We identified 58,473 respondents (16.1%) with missing WBI, invalid or missing zip code (352 respondents) or missing demographic characteristics. To explore potential differences, we informally compared the cohort of 305,552 respondents with complete data to the cohort with missing data with respect to WBI, demographic characteristics, urban-rural designation[1] and region of the country (i.e., New England, Mid-Atlantic, East North Central, West North central, Mountain and Pacific). Descriptive statistics were generated for WBI, urban-rural designation, region of the country and demographic characteristics by cohort and then stratified by data source. Additional descriptive statistics and data visualizations were generated within strata. No formal statistical testing was performed, due to cohort size, rather the investigation focused on patterns of missingness, whether random or systematic, at the individual level.

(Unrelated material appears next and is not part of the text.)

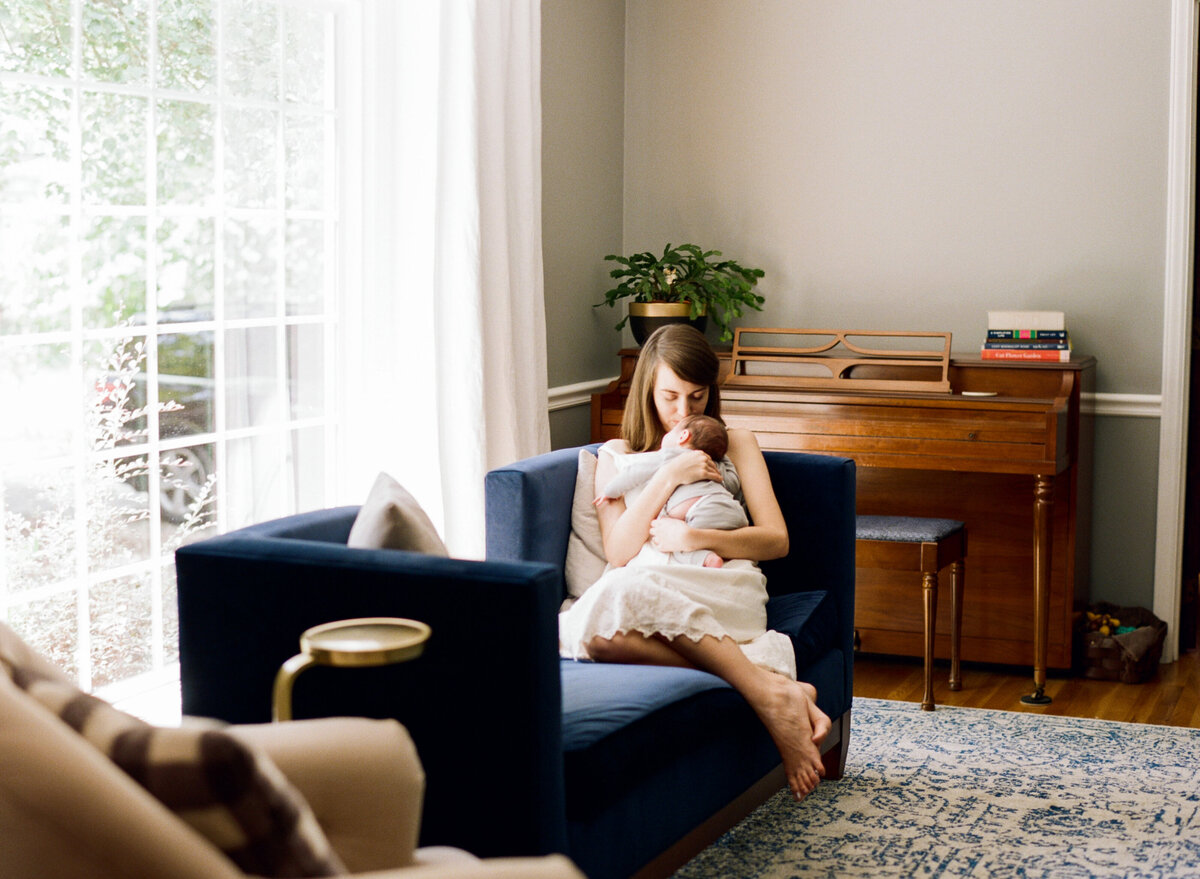 Mom snuggles her new son during a newborn session. Image by Raleigh newborn photographer A.J. Dunlap Photography.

There was more missing data in RealAge (17.5%) as compared to data garnered from the other digital survey collection platform (7.7%) and Mail (10.2%) data sources. The proportions of missing race and income data were negligible in the online platform and Mail data sources as compared to RealAge, where among those with missing data, race was missing for 56.4% and income was missing for 44.2% of respondents (Table 1).  We observed only small differences in WBI and demographic characteristics of those in the cohort with complete data as compared to the cohort with missing data. Thus, we did not use multiple imputation at the individual-level, but rather performed subsequent demographic adjustment at the county level using census data (described below).

Mode Adjustment. Within a given individual, the modality of survey administration can influence item response, a phenomenon referred to as mode effect  (Leeson, 2006).  In the absence of proper calibration, the effect of modality can compromise validity.  To ensure valid comparisons with prior years and to combine data from our three data sources in 2019, WBI scores obtained digitally were calibrated to scores based on the mail modality, assuming that individuals with similar demographic profiles would report comparable WBI scores across modalities.

Regression tree methods using recursive partitioning were applied to 2018 WBI data collected by mail from 106,515 respondents to develop demographic profiles (e.g., males 65 years of age and older living in urban areas) for analysis.  Prior to performing regression tree analysis, each response option within each candidate demographic characteristic was examined for sufficiency.  Specifically, we required that each response option had at least 200 respondents, and if not, response options were combined.  Linear transformations of WBI scores were generated for each demographic profile identified through the regression tree analysis, ensuring that the means and standard deviations of the WBI scores obtained digitally (122,946 respondents) were equivalent to those obtained by mail within each demographic profile.  These transformations were then applied to the 2019 WBI data obtained digitally.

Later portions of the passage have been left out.